Was versteht man unter Wahrnehmungsverzerrungen (cognitive biases)?
Wahrnehmungsverzerrungen, oder auch kognitive Verzerrungen sind systematische Fehler, die unser Verstand bei der Informationsverarbeitung macht. Der Grund dafür ist, dass die schiere Menge an Informationen, die permanent auf uns einprasselt, schlicht zu groß ist und die Verarbeitungskapazität des Verstandes des Gehirns maßlos überfordern würde. Das Gehirn sucht und findet also Wege, die Menge der Informationen zu strukturieren, zu selektieren und vor allen Dingen zu reduzieren.
Das, was auf der einen Seite von großem Vorteil ist, schafft auf der anderen Seite aber wieder neue Schwierigkeiten. Wenn eingehende Informationen nämlich auf einer unbewussten Ebene verändert werden, dann können wir in der Konsequenz nicht mehr unterscheiden, was Realität, und was in unserem Kopf entstanden ist.
Wie so oft ist Bewusstheit (Awareness) auch hier der wichtigste Schritt zur Lösung des Problems. Je mehr wir nämlich über Wahrnehmungsverzerrungen wissen, desto so weniger leicht können sie uns in die Irre führen. Im Folgenden habe ich eine Auswahl der wichtigsten Wahrnehmungsverzerrungen zusammengestellt.
Erwartungsverzerrungen – Expectation Biases
Wir sehen, was wir sehen wollen. Oder: „Mit der Laune brauchst du gar nicht erst los gehen.“ Beide Aussagen stehen dafür, dass das, was wir erwarten einen starken Einfluss darauf hat, was wir tatsächlich erleben.
Neben dem klassischen Filter des Interesses, wir sehen nur, worauf wir unseren Fokus richten, beschreibt die Psychologie noch andere Effekte, wie zum Beispiel den Priming-Effekt.
Priming-Effekt
Priming-Effekt bedeutet, dass Informationen immer einem vorher gesetzten Bezugsrahmen gesehen werden. Dieser Bezugsrahmen ist der Prime.
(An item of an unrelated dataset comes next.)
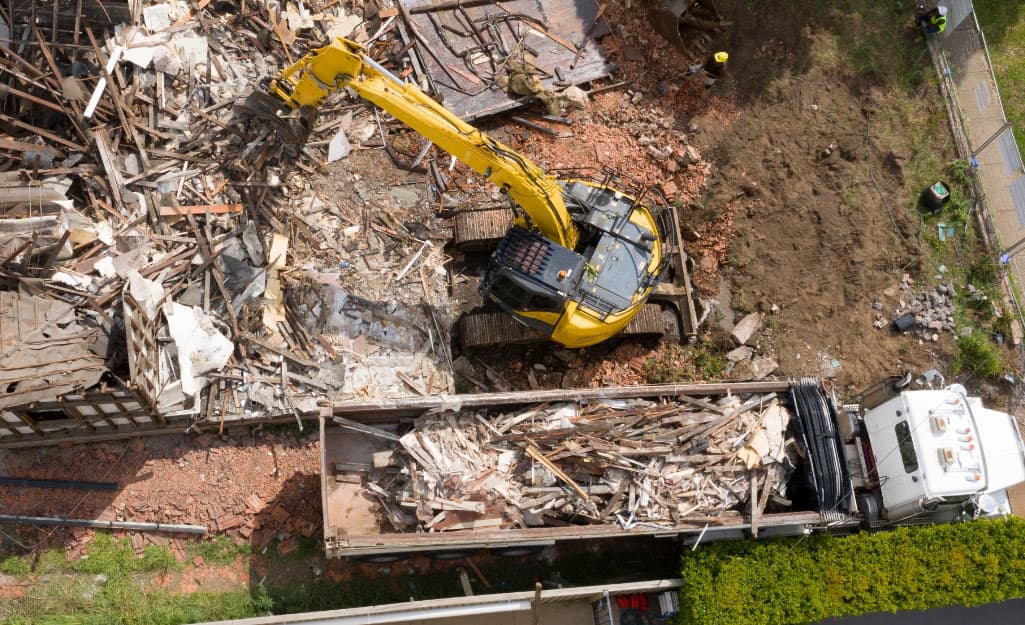 House Demolition - Flic en Flac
Ein typischer positiver Prime ist zum Beispiel „Paris, die Stadt der Liebe“. Wenn man so „ge-primed“ nach Paris fährt, wird man die Stadt sicher völlig anderes erleben, als wenn man sich vorher mit der grassierenden Jugendkriminalität in den Pariser Vorstädten beschäftigt hat.
Ein weiters klassisches Beispiel für den Priming-Effekt sind Sonderangebote. Wir setzen den Preis in Relation zum vermeintlichen Originalpreis, dem Prime. Und deswegen erscheinen uns dann (vermeintliche) 60% Rabatt als besonders günstig
Bestätigungsfehler (Confirmation Bias)
Confirmation Bias bedeutet, dass Menschen sich bevorzugt Informationen suchen, die ihre bestehenden Meinungen und Überzeugungen stützen, während sie andere ignorieren. Man kann also nicht wirklich von einem Entscheidungsprozess reden, da ja primär nur nach Bestätigung gesucht wird.
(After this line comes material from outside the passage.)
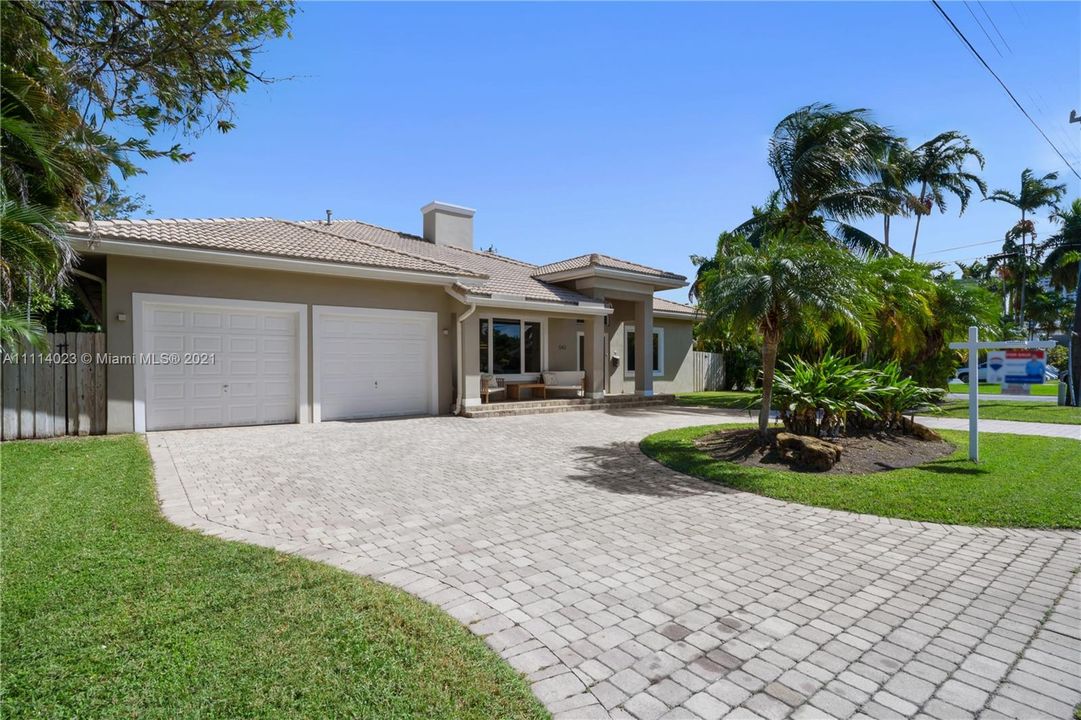Recently Sold: $3,100,000 (5 beds, 4 baths, 0 Square Feet)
Das Problem dabei ist, dass wir dabei regelmäßig Informationen ignorieren, die unserer Meinung widersprechen. Aber gerade diese Informationen wären eventuell nötig, um sich ein differenzierteres Bild zu machen.
Halo-Effekt
„Halo“ bedeutet Heiligenschein, oder Überstrahlung. Der Halo-Effekt ist also eine besondere Form des Primings und beschreibt den Umstand, dass einmal gewonnene Einstellungen, alle zukünftigen Informationen überstrahlen.
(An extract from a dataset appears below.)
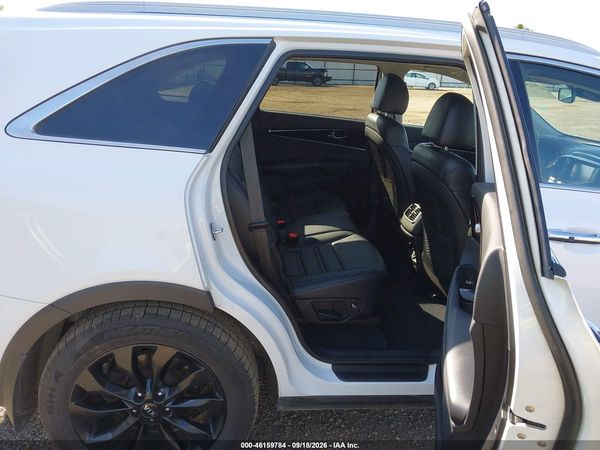 2020 KIA SORENTO 3.3L EX — I8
Wenn du zum Beispiel einen Menschen erst einmal als besonders sympathisch eingestuft hats, dann kann der relativ viel Mist bauen, bevor du deine Einstellung revidierst – umgekehrt gilt das natürlich auch.
Bubble Bias
Die Bubble Bias ist eine besondere Form der Bestätigungsverzerrungen. Aufgrund der Algorithmen von Social-auch Media, aber so ziemlich aller E-Papers und virtuellen Zeitschriften, werden uns primär Inhalte angezeigt, die uns interessieren. Das bedeutet aber gleichzeitig, dass unsere Informationsmedien hier schon einen Filter anlegen, nämlich bei der Auswahl von Inhalten. Solche Inhalte, die unserer Meinung oder Einstellung widersprechen, werden uns gar nicht erst angezeigt.
Als Resultat befinden wir uns in einer Blase (bubble), in der alle die gleiche Meinung haben. Problematisch ist, dass wir diese Bubble nicht wahrnehmen und deshalb glauben, dass wirklich ALLE diese Meinung vertreten.
Eskalierendes Commitment
Als eskalierendes Commitment (Escalation of Commitment) wird der Effekt bezeichnet, dass Menschen an einer einmal getroffenen Entscheidung nicht nur festhalten, sondern sie sogar noch verstärken.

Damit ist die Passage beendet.